I gave myself a challenge where I would draw blobs and turn them into characters and it was a fucking hit. People said, "I can see these as a show!", "You should make them into stickers.", "I hope you do more!". Spent very little time on it, that was the point of the challenge, to work fast. It was more popular than any of my animated shorts I did for college or any of my other original work.
Now, if I wanted to, I could just turn my blog into "Blobs Daily" where I have big collages of blob characters and submit one a day and turn them into stickers and charms and sell them on Etsy and dedicate most of my time as being The Blob Gal. It would be very easy and after a year, I would probably have a big fanbase.

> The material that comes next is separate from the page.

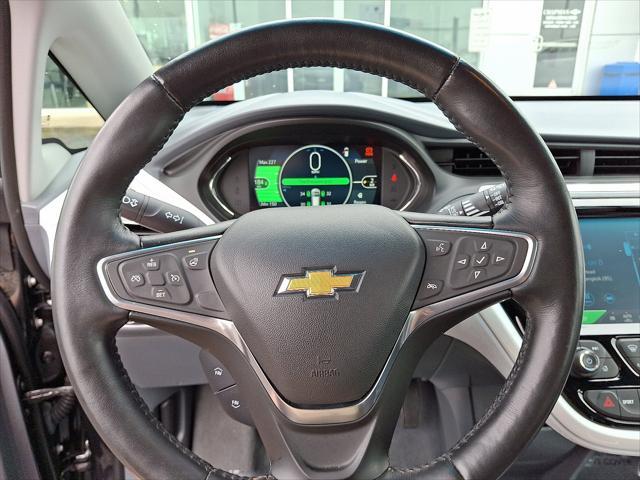 used 2017 Chevrolet Bolt EV car, priced at $12,997
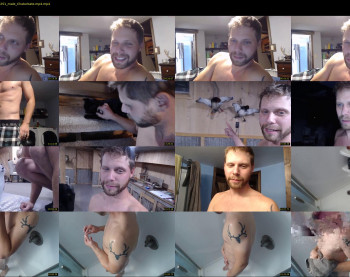 lancehardin — 38 minute Chaturbate male cam show recording, 720p, Oct 10, 2022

But I don't want to because that just doesn't interest me. For me, there's no personal pleasure in pandering to other people or copying someone else's success rather than getting it in my own way. If I get people to like my work, I'd want it to be something I'm equally enthusiastic about drawing as well. I don't really care for artists who make their living off of drawing nothing but Adventure Time-esque characters, so why would I become that person? If they find pleasure in it then good for them, but I'm not going to mimic other people's success because it's easy. If that was the case, I would've never been an artist and gone for a better paying job instead.
This has nothing to do with my thoughts on slice-of-life web comics. I've done a couple just to see if I liked doing it. Just sharing my POV of why someone might not want to just follow a trend they're tired of seeing.